House Judiciary Committee Chairman Bob Goodlatte defended first daughter Ivanka Trump's private email usage for official government business by saying that it is "awfully tough" for her and other government employees to make sure they are following White House rules.
Trump used her personal email account to send hundreds of emails last year to White House aides, Cabinet members and her assistants, The Washington Post reported last week. The senior White House adviser said that she did not know it was problematic, though her father President Donald Trump criticized Hillary Clinton for her private email usage during his campaign and has not let the issue go.
Goodlatte told CNN anchor Erin Burnett on her show OutFront on Monday: "When things like this come up, it's important people understand, they need to make sure they're doing what they can."

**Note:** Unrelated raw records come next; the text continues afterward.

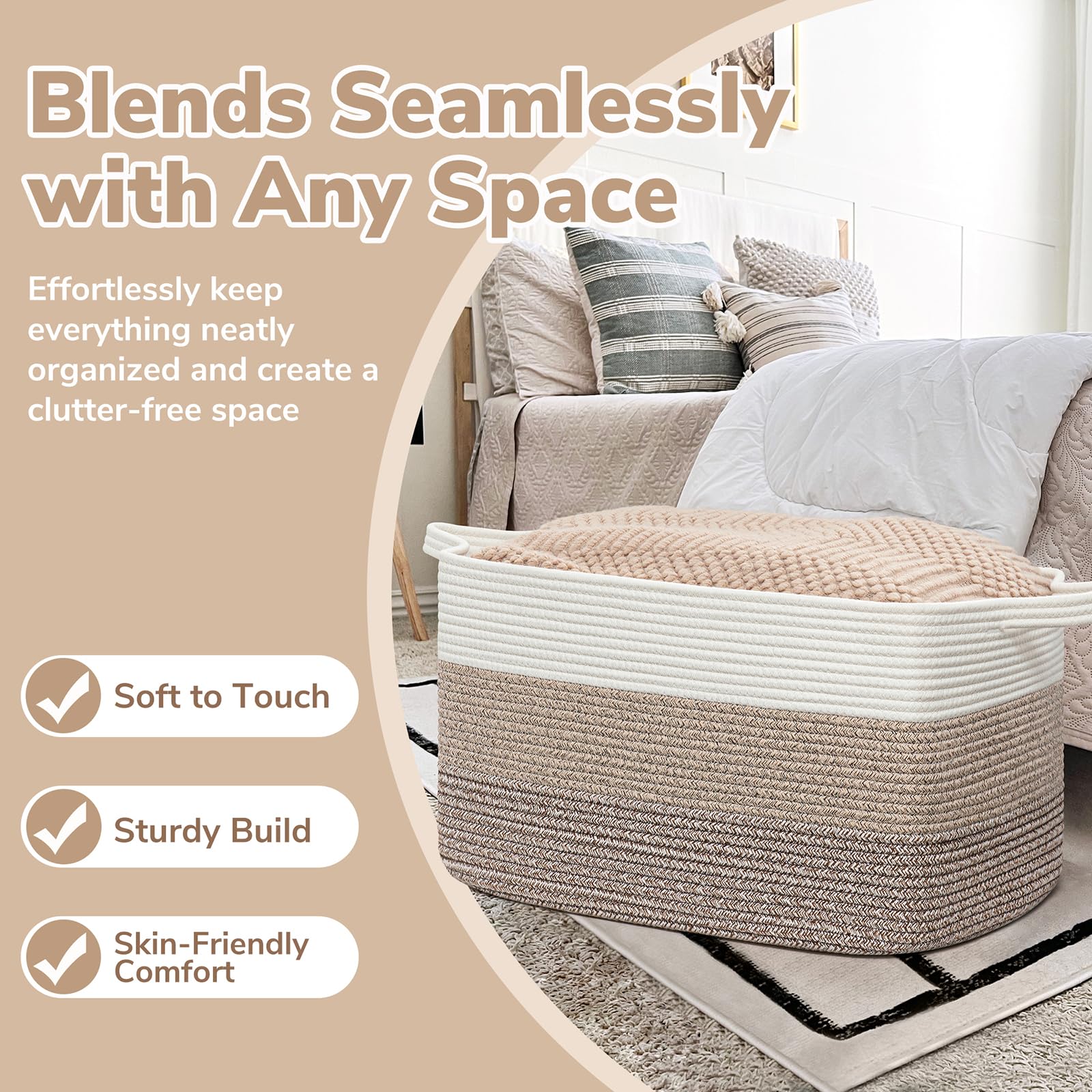 Goodpick woven basket in living room blends with neutral decor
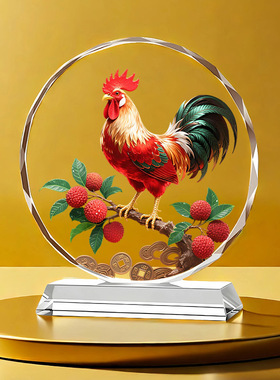 公鸡荔枝水晶摆件大吉大利乔迁开业客厅办公室酒柜吉祥物装饰摆台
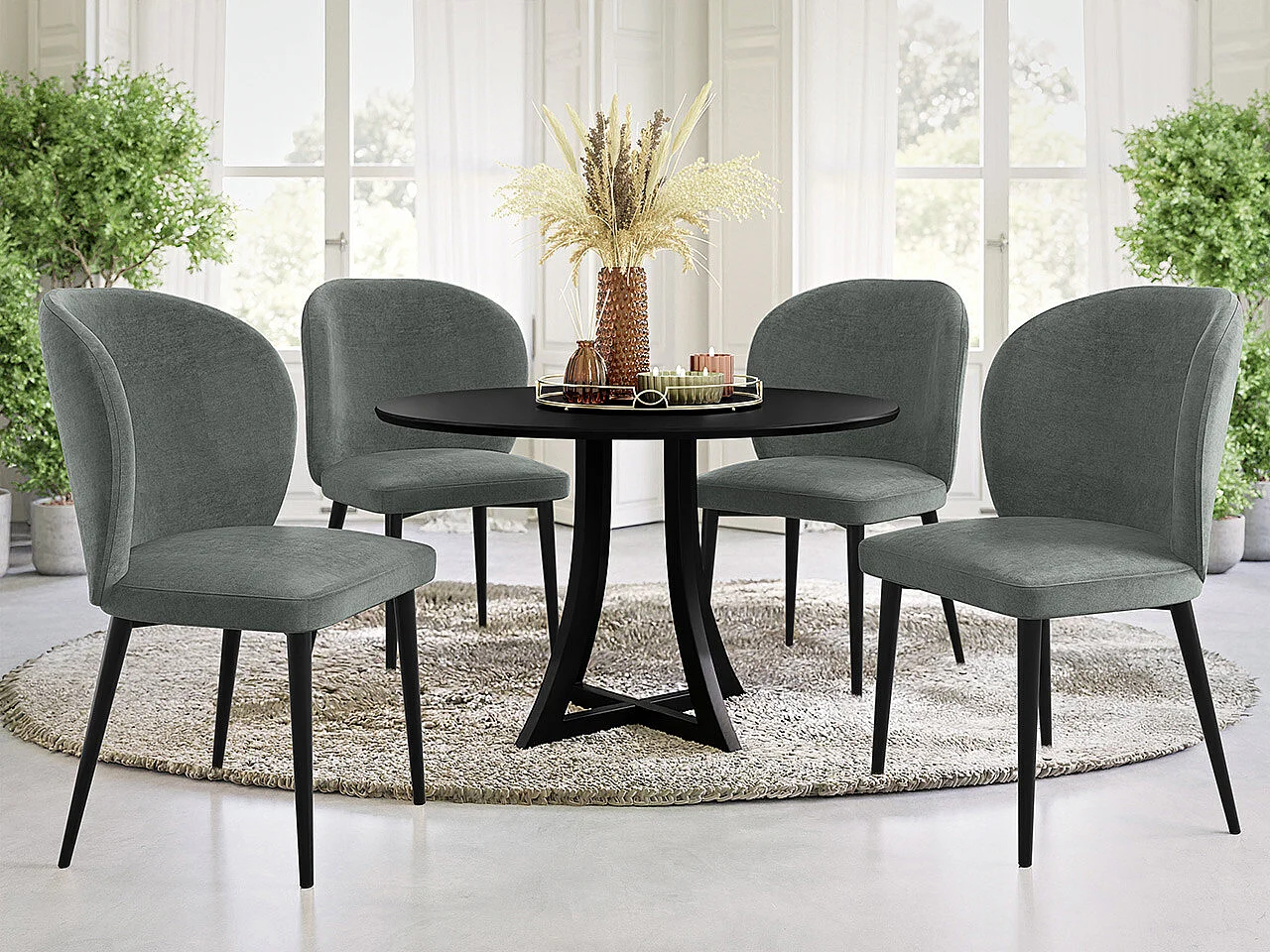 Chaise Jackson 104, 87x50x59cm, Tissu, Métallique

"And it's awfully tough, as everyone knows, when you're sending emails about a lot of different things to make sure that you're doing it according to the rules in the White House or wherever you're doing it," the Republican representative from Virginia said.
Like the president, Goodlatte downplayed the first daughter's private email use compared with Clinton's.
"I do think, of course, it's very different to send private emails about matters that are not classified information," Goodlatte said. "There's a criminal penalty imposed for doing that—when you have classified information that is transmitted improperly, as was the allegation, and I think the facts now support, with regard to Hillary Clinton."

Goodlatte's comment was similar to President Trump's last week, distinguishing his daughter's personal email usage from Clinton's.
"She wasn't doing anything to hide her emails. There was no deleting like Hillary Clinton did," the president said. "There was no server in the basement like Hillary Clinton had. You were talking about a whole different, you're talking about fake news."
Peter Mirijanian, a spokesman for Ivanka Trump's attorney Abbe Lowell, in a statement, said that the first daughter did not know that using her private email was a problem.
"While transitioning into government, after she was given an official account but until the White House provided her the same guidance they had given others who started before she did, Ms. Trump sometimes used her personal account, almost always for logistics and scheduling concerning her family," Mirijanian stated.
Last week, the House Judiciary Committee headed by Goodlatte issued subpoenas to former FBI Director James Comey and former Attorney General Loretta Lynch to testify prior to a meeting of the committee on how they handled a federal probe into Clinton's emails.